Diary of Nida Olivieri, Hamilton, ON, 1939-1940
Personal diary of Nida Olivieri, whose father, Antonio (Tony) Olivieri was interned in 1940. Select entries describe the mood and atmosphere of the Italian Canadian community in the Hamilton, Ontario area leading up to the declaration of Italian Canadians as enemy aliens on June 10, 1940.
Entries in the journal during her father's internment were intentionally left blank. Entries begin once again when her father returns home. She writes about her father’s mood and reintegration after his internment.
In an interview with Toni McDermott, Nida's daughter, she reads from these and other entries from the journal and describes what this journal personally means to her.
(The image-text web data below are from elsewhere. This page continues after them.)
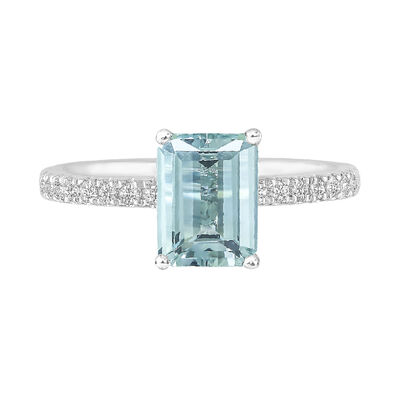 Emerald-Cut Aquamarine Ring with Diamond Side Stones in 14K White Gold (1/3 ct. tw.)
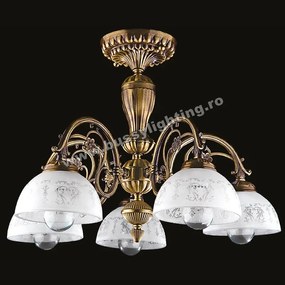 Lustra Rosignol cu 5 Brate, Desing Clasic, Finisaj Bronz Antic, Abajur Alb - Bussy Lighting 7220-52-45B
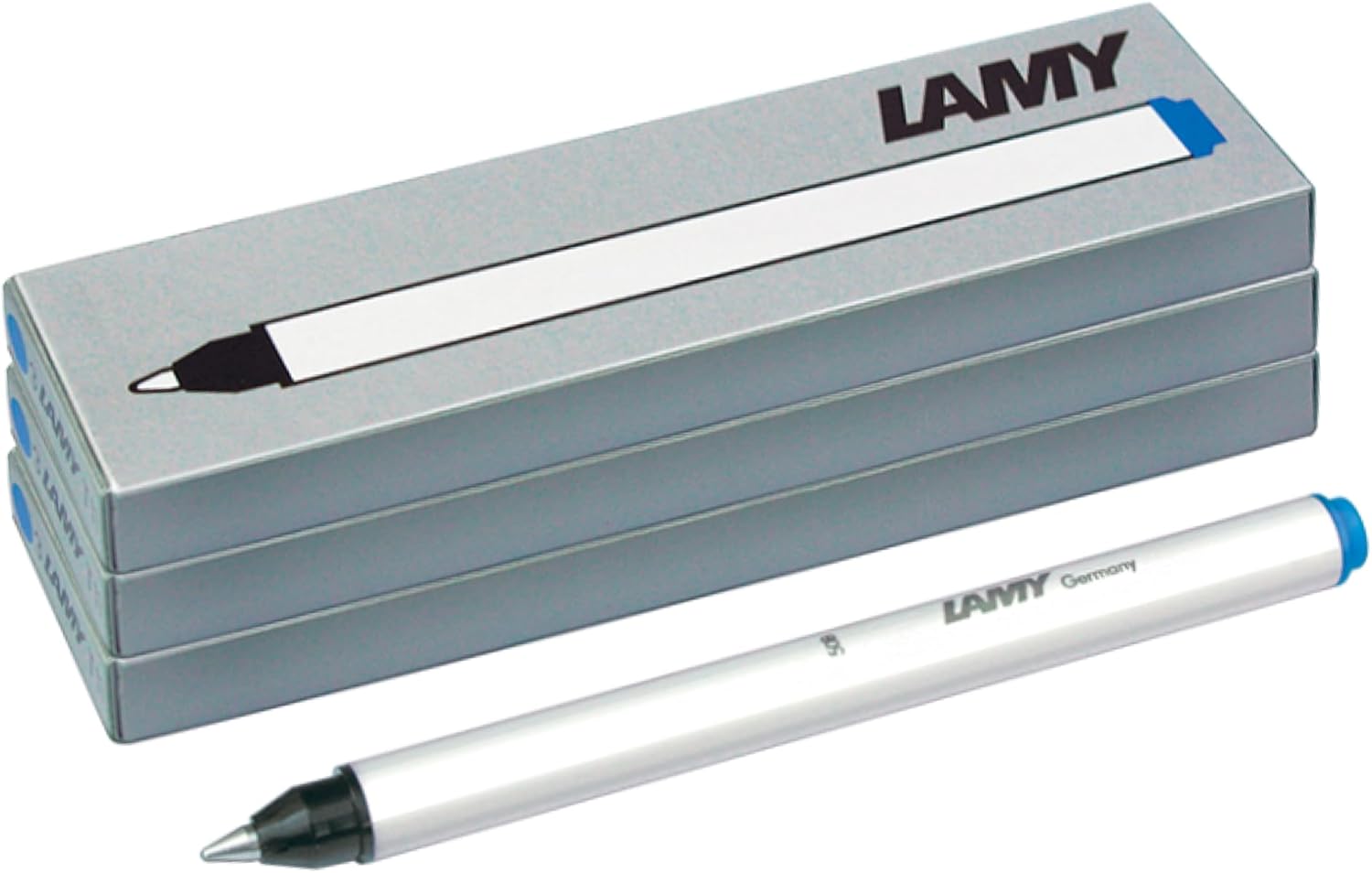 LAMY T11 Rollerball Pen Cartridges Set of 3 with Large Ink Supply and Stainless Steel Tip in Blue (Erasable) for Cartridge Roller Ball Model 311 Lamy Balloon - 9 Refills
The journal is simulated leather bound with a locking metal clasp.
Transcribed entries include:
May 21. / Tues. 1941 Mikey[?] went home / last week. I do miss / the big blond giant. He / seemed so clean[?] and strong, / somehow, like a god.
May 22. / Wed. 1940 Italy might join / Germany. I hope she doesn’t. / It will go bad with us. / Mayor refused invitation to / Italian banquet.
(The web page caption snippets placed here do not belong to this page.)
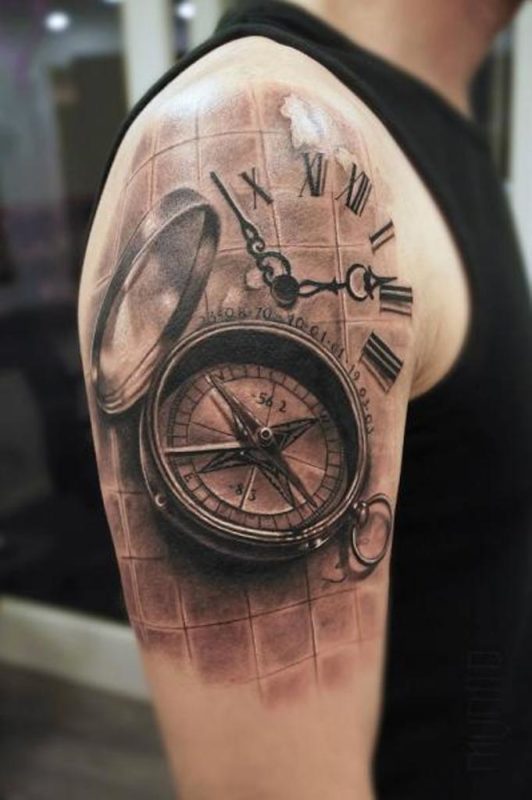 Realistic Black Clock Tattoo Design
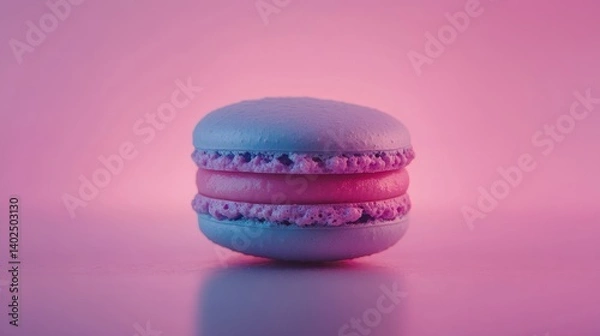 Fototapeta Beautiful blue macaron with creamy filling on a shiny surface surrounded by pink backdrop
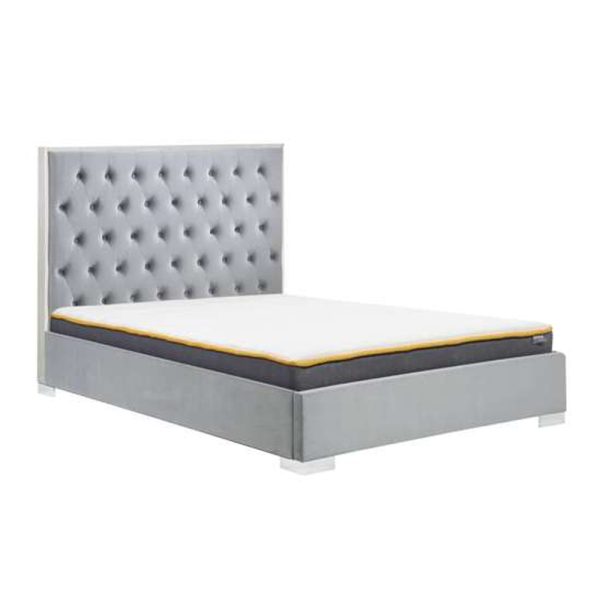 Corinth Fabric Double Bed In Grey | Bed Sava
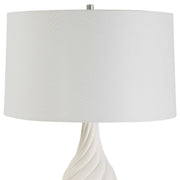 Uttermost Twisted Swirl Chalk White Glaze Textured Ceramic Table Lamp With Linen Shade
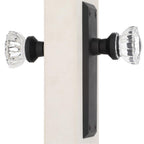 York Plate 2-3/8 in. Backset Oil-Rubbed Bronze Privacy Bed/Bath Crystal Glass Door Knob
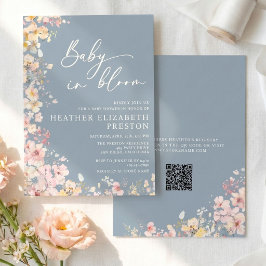Convites Chá de Bebê Baby In Bloom Wildflower Dusty Blue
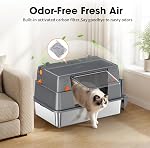 XL Stainless Steel Cat Litter Box, 100° Flip-Top Lid for Easy Cleaning, High Sided Enclosed Metal Cat Box for Big Cats, Anti-Leakage Non-Stick Surface, Removable Lid, Scoop Included, Deep Grey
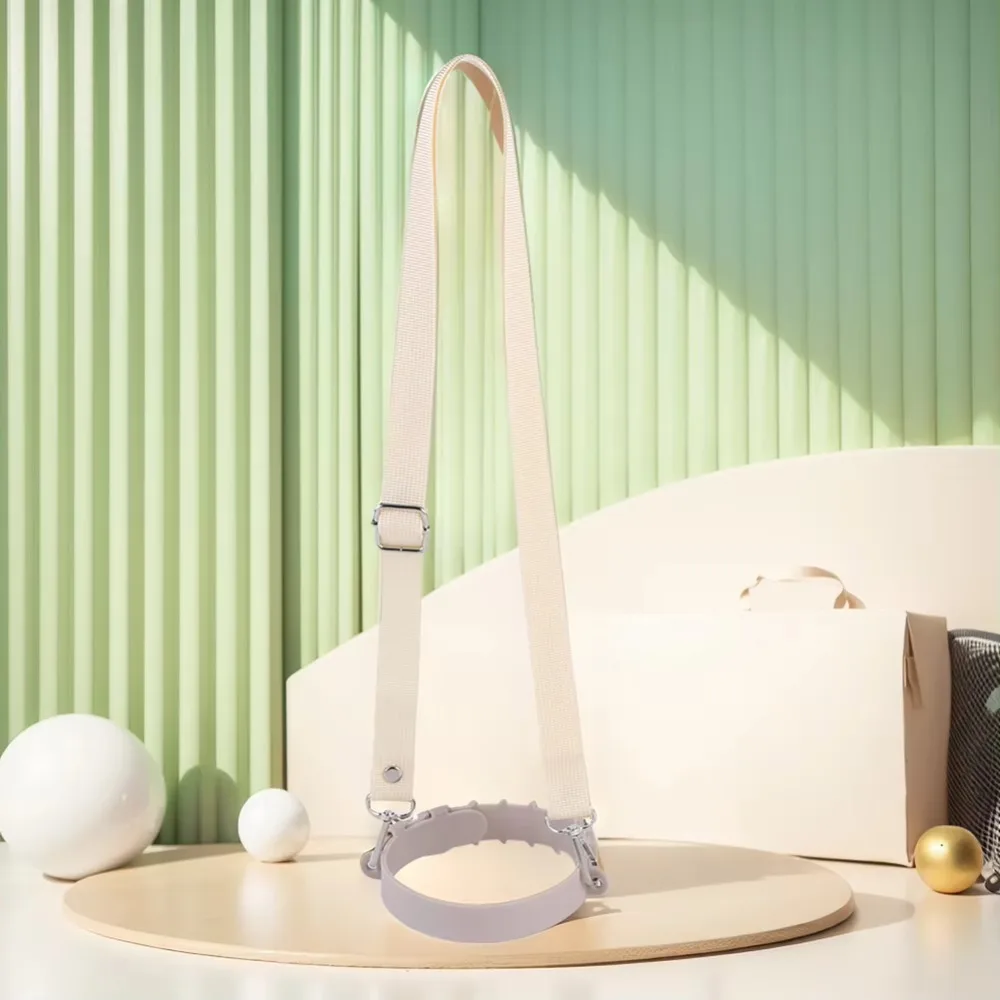 Silicone Ring Water Bottle Sling Handle with Adjustable Shoulder Strap Universal Thermos Cup Holder Hands Free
May 25. / Sat. 1940 Worked hard all / day. Veterans parade tomorrow. / Italians not invited. Sodality[?] / meets tomorrow.
May 26. / Sun. 1940 Sodality[?] crowning / tonight. Not so hot today. / I realized my ambitions / …[unclear] / …[unclear] / …[unclear] Soldiers lined up…[unclear]…singing.
June 10. / Mon. 1940 Italy joins Germany in war / Police were here this aft & took Papa / away for investigation. He’s to say / the night. Three lieutenants in today one / sameone as Thurs. Steel plant men rejected.
June 11. / Tues. 1940 What a day! We ran around all / day long – [unclear, names individuals] /looking for our men! / Cops, Mounties, soldiers. What a bunch! / Yesterday [scribble] [unclear] ‘spy.’ Maybe Papa’s / [arrow leading to top of entry, entry continues] taken up North to a concentration camp. I / now realize what this war meant. For / the first time I know real sorrow. “Afraid” - box
July 17. / Wed 1940 Papa came home today. / We were out and what a surprise / we got! He is so tanned and / hard looking, but not the same. His / spirit seems broken, somehow.
July 18. / 1940 Thurs. I hope Uncle Don & / the rest could come out now. / Auntie seems hopeful. Papa / has many interesting things to / tell about the camp.
July 19. / Fri. 1940 [unclear] much for what / [unclear] papa & someday “he” will regret what he did / [unclear] We have lots of / company all the time now.
July 22. / Mon. 1940 I went to the dentist / this morning. He’s good. [unclear] / so interested & all [unclear] / [unclear]
July 23. / Tues. 1940 Papa is afraid to go outside [unclear]. / He is afraid still.